Reklamy Ryanair atakują brytyjskiego premiera
Kampania prasowa Ryanair, atakująca brytyjskiego premiera Gordona
Browna i umniejszająca wpływ przewoźników lotniczych na zmiany
klimatyczne została skrytykowana przez czuwające nad
przestrzeganiem zasad etycznych w reklamie stowarzyszenie ASA.
20.07.2007 08:00
Kampania była odpowiedzią Ryanair na wzrost podatku ekologicznego płaconego przez pasażerów linii lotniczych. Obejmowała cztery reklamy przedstawiające rysunkową postać chuligana z dołączoną głową Browna. Towarzyszyły im hasła: "Wielki rabuś samolotowy" i "Chciwy Gordon dostaje Oscara& za najlepszy rabunek".
Na publikowane w "Daily Telegraph" i "The Times" reklamy wpłynęło 48 skarg. Dotyczyły one m.in. zamieszczonego w dwóch z nich twierdzenia, że transport lotniczy odpowiada jedynie za 2% emisji dwutlenku węgla do atmosfery. Oburzano się także na użycie wizerunku papieża w reklamie emitowanej w Środę Popielcową, co zostało uznane za obraźliwe dla katolików.
Stowarzyszenie ASA podtrzymało zarzuty dotyczącego twierdzeń nt. emisji gazów cieplarnianych, uważając że nie zostały one dostatecznie udokumentowane przez Ryanair.
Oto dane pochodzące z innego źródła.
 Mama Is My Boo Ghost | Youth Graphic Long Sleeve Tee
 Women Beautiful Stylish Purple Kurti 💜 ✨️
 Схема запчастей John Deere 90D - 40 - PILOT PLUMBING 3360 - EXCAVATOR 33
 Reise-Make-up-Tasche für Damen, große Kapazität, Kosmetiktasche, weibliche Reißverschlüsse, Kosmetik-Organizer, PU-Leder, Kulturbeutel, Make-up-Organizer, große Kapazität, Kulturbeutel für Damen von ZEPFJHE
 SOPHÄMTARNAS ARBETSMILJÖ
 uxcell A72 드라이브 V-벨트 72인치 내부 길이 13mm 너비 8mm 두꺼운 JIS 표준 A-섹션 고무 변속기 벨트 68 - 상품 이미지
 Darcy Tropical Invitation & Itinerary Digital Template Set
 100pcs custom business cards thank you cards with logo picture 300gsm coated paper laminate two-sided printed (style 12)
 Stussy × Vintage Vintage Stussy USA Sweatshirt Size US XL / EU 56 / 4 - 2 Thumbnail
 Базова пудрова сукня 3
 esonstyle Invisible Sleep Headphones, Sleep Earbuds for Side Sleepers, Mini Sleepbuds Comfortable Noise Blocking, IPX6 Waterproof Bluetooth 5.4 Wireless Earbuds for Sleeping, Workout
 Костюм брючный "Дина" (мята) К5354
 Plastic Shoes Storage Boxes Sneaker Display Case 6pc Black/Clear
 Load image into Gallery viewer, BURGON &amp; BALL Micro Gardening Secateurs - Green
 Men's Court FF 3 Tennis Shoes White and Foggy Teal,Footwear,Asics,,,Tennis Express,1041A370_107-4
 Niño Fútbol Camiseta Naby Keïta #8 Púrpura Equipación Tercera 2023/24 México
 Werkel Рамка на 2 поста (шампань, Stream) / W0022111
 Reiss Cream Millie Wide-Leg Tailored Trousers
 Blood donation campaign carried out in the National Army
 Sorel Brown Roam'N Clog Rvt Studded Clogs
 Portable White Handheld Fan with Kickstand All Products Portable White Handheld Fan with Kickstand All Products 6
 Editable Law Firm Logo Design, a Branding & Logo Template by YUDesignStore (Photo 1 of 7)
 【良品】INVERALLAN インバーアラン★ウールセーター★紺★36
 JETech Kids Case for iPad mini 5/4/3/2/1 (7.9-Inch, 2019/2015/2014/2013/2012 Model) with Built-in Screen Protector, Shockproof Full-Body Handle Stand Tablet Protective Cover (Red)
Oddalono natomiast zarzuty dotyczące wykorzystania wizerunku papieża, twierdząc, że czytelnicy byli raczej skłonni dopatrywać się w reklamie złośliwości względem Gordona Browna, niż szydzenia z religii katolickiej.
Skrytykowano także niewystarczające udowodnienie tezy, że pieniądze z podwyższonego podatku nie są wydawane przez rząd na ochronę środowiska.